The `sql` function on a `SparkSession` enables applications to run SQL queries programmatically and returns the result as a `DataFrame`.

In [None]:
# Register the DataFrame as a SQL temporary view
df.createOrReplaceTempView("people")

In [None]:
sqlDF = spark.sql("SELECT * FROM people")
sqlDF.show()

#### Infer Schema using Reflection
Spark SQL can convert an RDD of Row objects to a DataFrame, inferring the datatypes. Rows are constructed by passing a list of key/value pairs as kwargs to the Row class.

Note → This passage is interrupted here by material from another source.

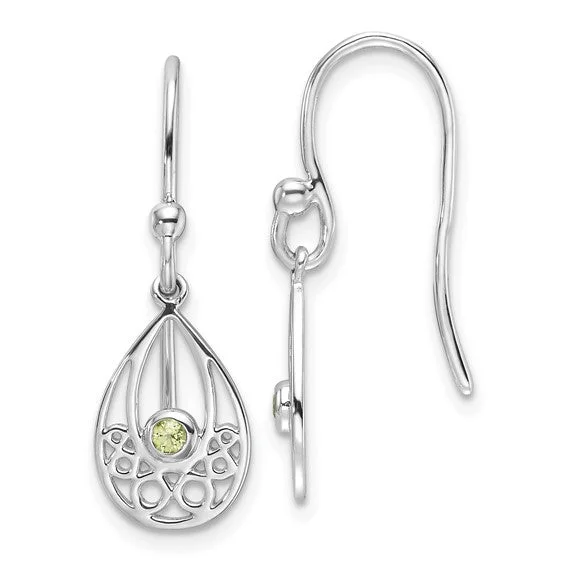 Elegant Gold Earrings-All-Natural Earrings-Sterling Silver White Ice Peridot Earrings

The keys of this list define the column names of the table, and the types are inferred by sampling the whole dataset, similar to the inference that is performed on JSON files.

In [None]:
# Load a text file and convert each line to a Row.
# Lines is an RDD of rows
lines = spark.sparkContext.textFile("file:/home/work/people.txt") # Replace with spark.read.text
parts = lines.map(lambda l: l.split(","))

# Define a dictionary of kwargs to specify the schema
# Name is of type str(default) and age is of type int
people = parts.map(lambda p: Row(name=p[0], age=int(p[1])))

In [None]:
# Infer the schema
schemaPeople = spark.createDataFrame(people)

# Register the DataFrame as a table.
schemaPeople.createOrReplaceTempView("people")

In [None]:
# SQL can be run over DataFrames that have been registered as a table.
teenagers = spark.sql("SELECT name FROM people WHERE age >= 13 AND age <= 19")

In [None]:
# DataFrame.rdd returns the content as `pyspark.RDD` of `Row`.
teenNames = teenagers.rdd.map(lambda p: "Name: " + p.name).collect()
for name in teenNames:
    print(name)

#### Programmatically Specifying the Schema


In [None]:
# Load a text file and convert each line to a Row.
# Lines is an RDD of rows
lines = spark.sparkContext.textFile("file:/home/work/people.txt")
parts = lines.map(lambda l: l.split(","))

# Each line is converted to a tuple.
people = parts.map(lambda p: (p[0], p[1].strip()))

In [None]:
# Manually specify the schema
fields = [StructField("name", StringType(), True),
         StructField("age", IntegerType(), True)]
schema = StructType(fields)

In [None]:
fields

In [None]:
# Apply the schema to the RDD.
schemaPeople = spark.createDataFrame(people, schema)

In [None]:
schemaPeople.printSchema()

In [None]:
# Creates a temporary view using the DataFrame
schemaPeople.createOrReplaceTempView("people")

# SQL can be run over DataFrames that have been registered as a table.
results = spark.sql("SELECT name FROM people")

results.show()

In [None]:
spark.stop()